Purpose of Carbohydrates


Why eat Carbohydrates?

Carbohydrates are the predominant fuel for muscles as the majority of activity relies on glucose (carbs) for energy. There is no physiological function of carbohydrates for them apart from energy. It is also the preferred fuel for the heart, nervous system and brain that use ~130g daily.

How much do you need?

It depends on your goals, the amount of exercise and intensity you train at. The longer and harder you train the more you need. For example, if you do moderate activity (swim, run, cycle) for an hour a day then you should aim to consume 5-7g/kg of body weight daily for optimum nutrition.

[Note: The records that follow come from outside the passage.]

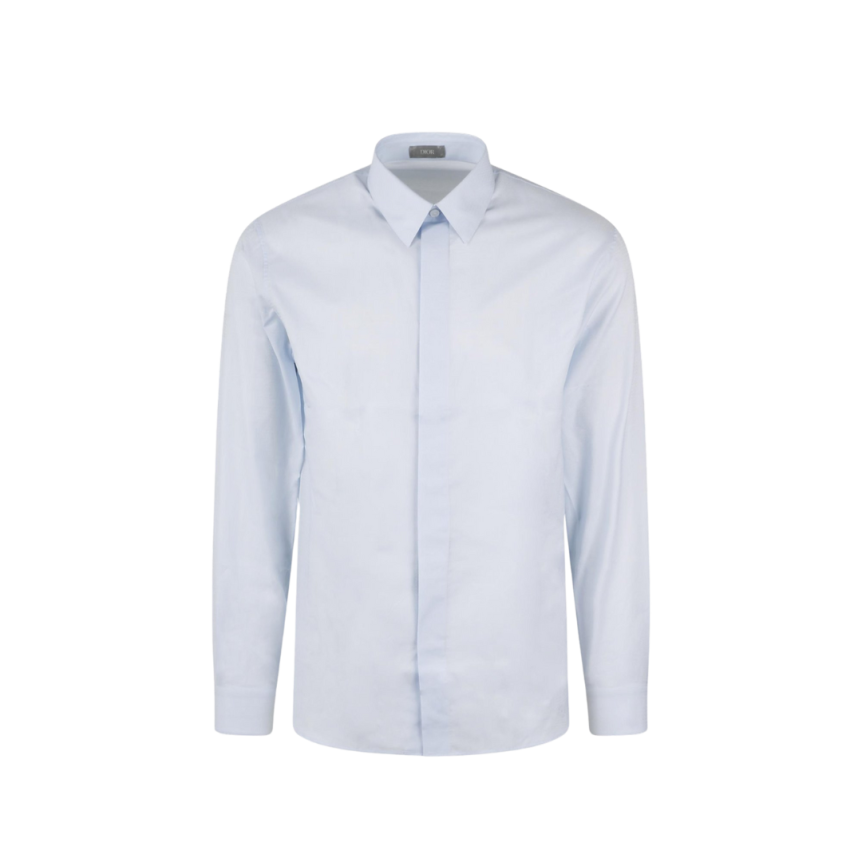 Chemise DIOR coton bleu ciel logo diamant ton sur ton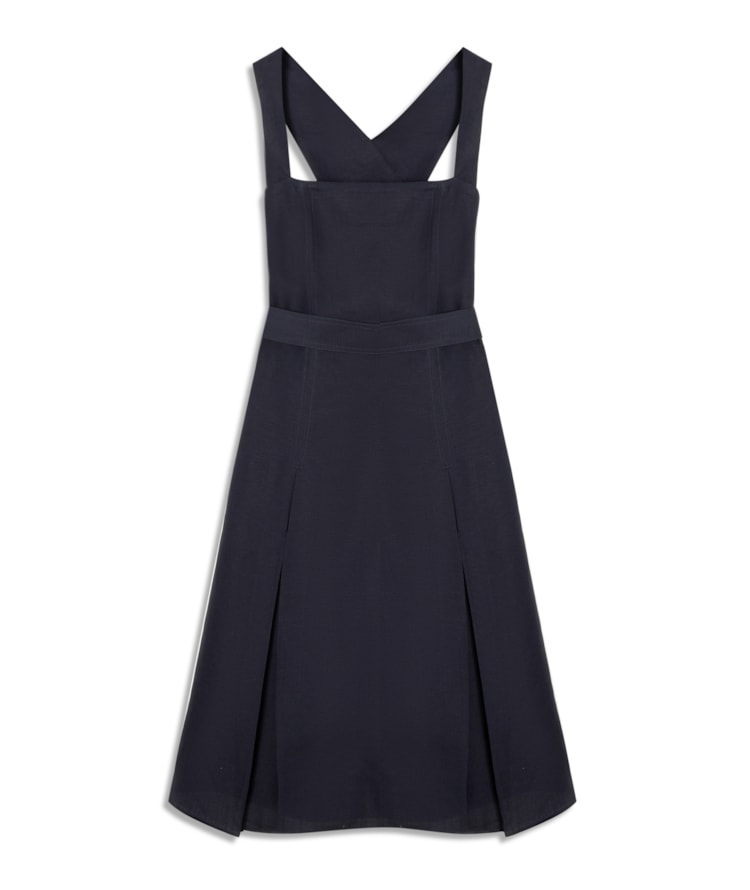 Vestido Linho  Talina  Liso Dark Navy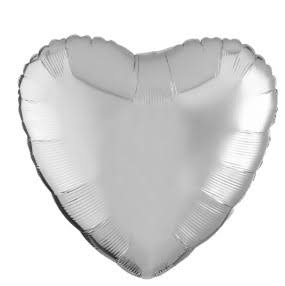 Silver Heart Foil Balloon
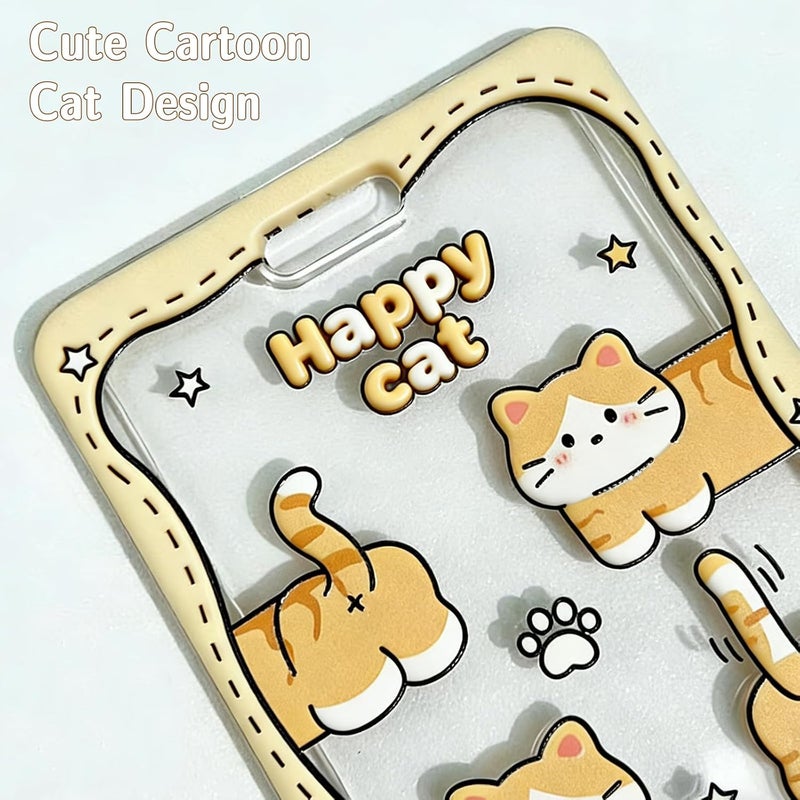 SAMIQU Cat Photocard Holder Keychain – Transparent & Cute Photo Card Holder With Charm for Kpop Photocards,Bus Metro Cards, and ID Badges(Set of 2) - Image 4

What if you over or under eat Carbohydrates?

Under Eating

Low carbohydrate diets or exercising with low stores can result in early fatigue, reduced stamina and poor performance. I.e. Have you ever ran or swam on an empty stomach? If you eat too few after training recovery will be impaired and extended, symptoms of over training may become present.

Over Eating

Once eaten carbohydrates are converted into glycogen and stored in your liver and muscles. These stores are small and can only store around 100g (400calories) in liver and 400g (1600 calories) in muscles. Once your stores are ‘full’ the body converts excess carbs into fat. More carbs does not equal more energy, similar to overfilling a fuel tank won’t make your car go faster.

The Sugar Debate

Performance

Sugar can aid performance that lasts over 60minutes and muscles need quick fuel. Consuming a sports drink/banana/ dried fruit can help perform longer or maintain intensity. It is not necessary for shorter sessions. Eating too much or poorly timed intake can lead to too much insulin being created by the body, leading to lower blood glucose levels than before and feelings of tiredness, weakness and lightheaded. It is ‘safer’ to consumer a low GI meal 2-4hours before exercise or only consume small amounts of sugar prior to exercise.

Health

The main issue is that sugar leads to tooth decay. It also makes food and drink more palatable and therefore more easy to over-consume. It is not fattening, but can lead to over-consumption of calories. his is linked to obesity and type 2 diabetes, but main contributor of this is excess calories not sugar.


Glycaemic Index

Glycaemic Index is the ranking of foods from 0-100 based on their immediate effect on blood sugar levels in the bloodstream. Carbohydrates used to be classified as simple or complex according to number of sugar units in the molecule. But this tells little about the effect on the blood glucose level.

What use is GI? 

You can use the GI of foods to plan intake around your training and competition. High GI means fast release and fast energy. Eat low or moderate GI meals in your day to day. This regulates blood glucose and insulin levels, promotes recovery and keep energy levels constant. Also lowers the risk of type 2 diabetes and cardiovascular disease.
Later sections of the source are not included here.